# [What to do]
Transcribe word for word the section of the records below that opens with the line containing "Young handsome delivery" and closes with the line containing "Grupa aktorów i"; drop every picture.

# [Extracted information]
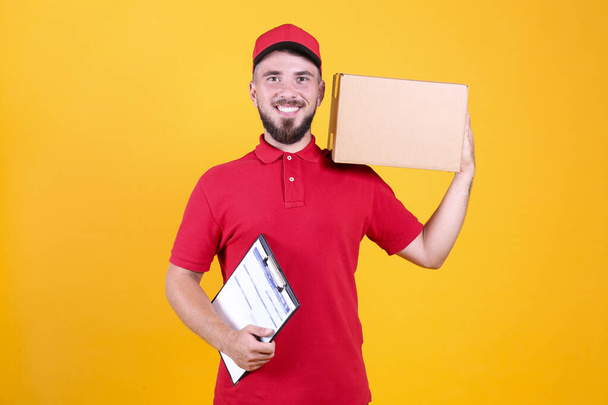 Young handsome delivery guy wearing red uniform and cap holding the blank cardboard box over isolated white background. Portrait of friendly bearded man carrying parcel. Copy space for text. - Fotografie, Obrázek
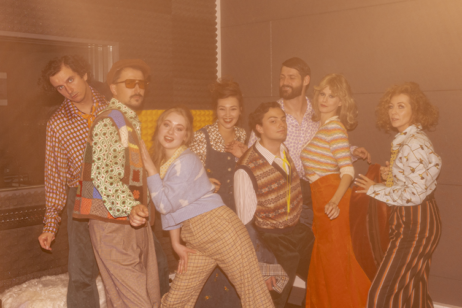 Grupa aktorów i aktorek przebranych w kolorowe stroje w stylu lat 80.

...

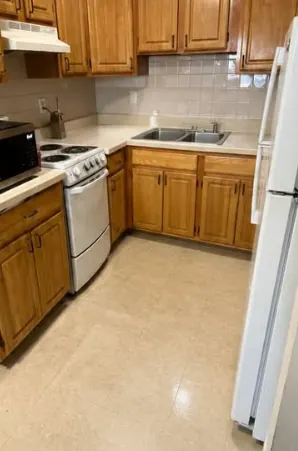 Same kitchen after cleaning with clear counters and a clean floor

---

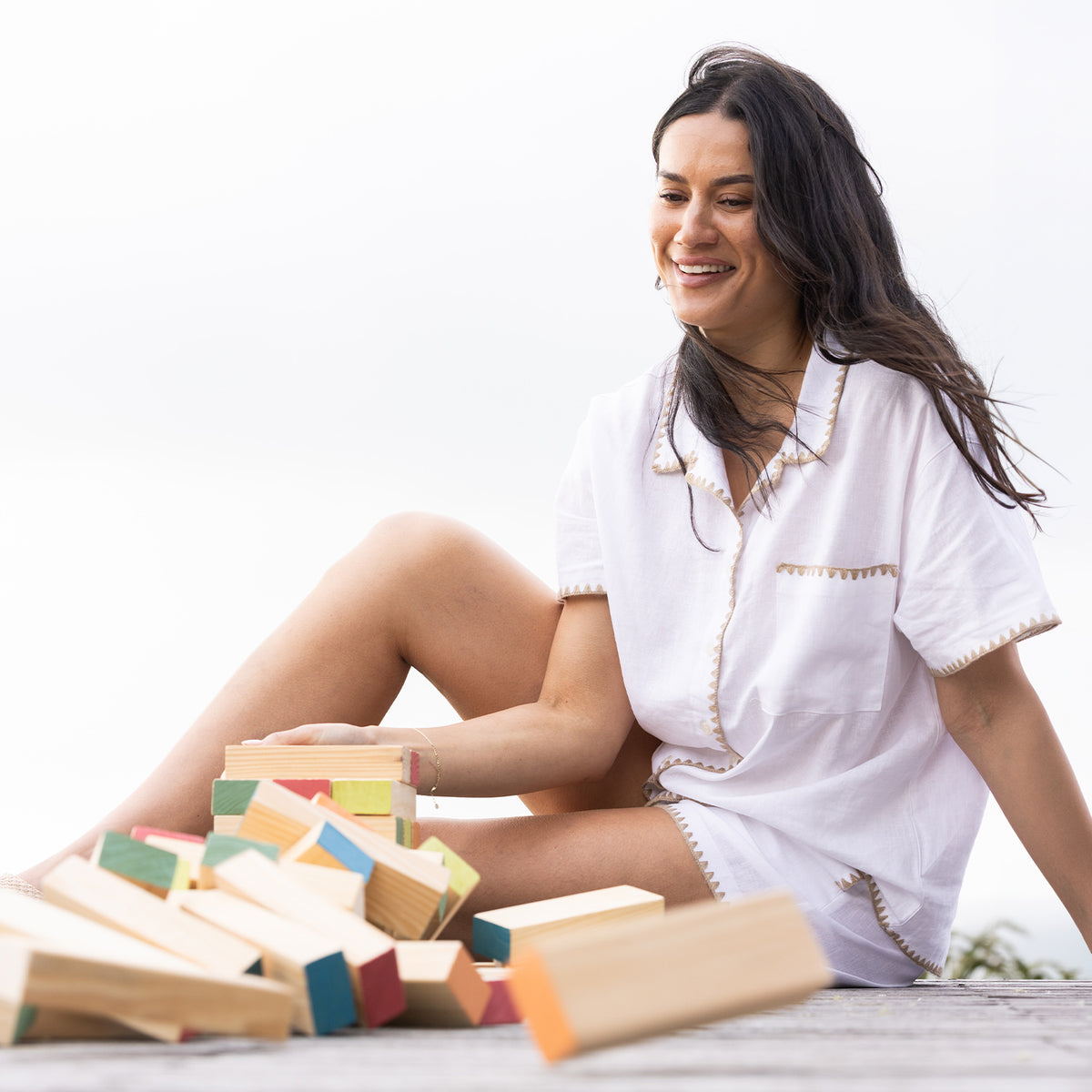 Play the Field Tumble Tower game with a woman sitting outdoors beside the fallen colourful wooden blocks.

# [Answer box]
 Young handsome delivery guy wearing red uniform and cap holding the blank cardboard box over isolated white background. Portrait of friendly bearded man carrying parcel. Copy space for text. - Fotografie, Obrázek
 Grupa aktorów i aktorek przebranych w kolorowe stroje w stylu lat 80.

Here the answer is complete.